Michael Witmore, director of the Folger Shakespeare Library, concluded the “Folio Fridays” lecture series last Friday with his talk entitled “Centuries of Shakespeare.”

“The Folger is celebrating the 400th anniversary of Shakespeare’s death, and that anniversary is part of what inspires my visit today,” Witmore said.

“Four centuries is a long time in literary history, and in theatre history, the name Shakespeare has become synonymous with longevity.”

Witmore credited this longevity in part to the printed press.

“An actor can memorize lines from a play, and a scribe can write them down, but a printing press can ensure that these words are carried far and wide,” he said. “The introduction of print was the first major media revolution that we know, and the First Folio is a landmark in this longer history.”

He said the repeatability of words is important and that the printed press was the first step in allowing words to be repeated. He contended that Shakespeare himself was a great repeater, and he cited many words that have been accredited to Shakespeare but that actually have origins in earlier works.

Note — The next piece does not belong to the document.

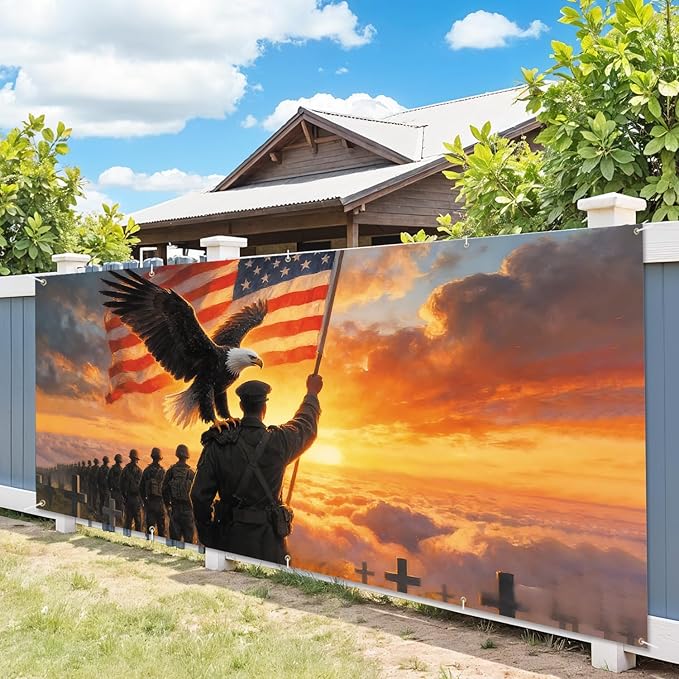 7 * 16FT Eagle USA Flag Military Memorial Day Garage Door Cover Decorations Independence Day Garage Door Banner for Outdoor Indoor Patriot Party Photography Backdrop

“If you find one of those webpages that lists all of the words that Shakespeare coined or created, you should say to yourself, ‘Shakespeare gladly took these from somebody else,’” Witmore said.

The re-creation of Shakespeare's is important and contributes to his legacy, he mentioned.

“Being for the century means not only that your words are repeated, but that they’re repeated in new ways,” Witmore said.

Witmore said Shakespeare’s plays have been adapted in a variety of mediums, such as films, different theatre productions, for example plays acted out on tabletops with salt and pepper shakers.

“Shakespeare’s works are always on their way to becoming something else, which is an excellent way of sticking around,” he said.

There are many new mediums through which Shakespeare’s plays are told, Witmore said.

“Being for the centuries also means being for new mediums,” he said. “Whether its television, video, microbes or the humble printed book, new technologies often prove their worth by showing that they can reproduce Shakespeare’s words, his characters and stories.”

Just as the meanings of Shakespeare's word shift, so do the ways people celebrate his legacy, Witmore said.

“The long afterlife of Shakespeare depends on the possibility that whatever was sent to posterity in the moment of this man’s death would be misunderstood, which is another way of saying adapted and creatively remade,” he said.

“Every century has to misunderstand Shakespeare in its own way, and we ought to be judged by the temper of that misunderstanding.”

Witmore raised his concerned regarding today's changing media.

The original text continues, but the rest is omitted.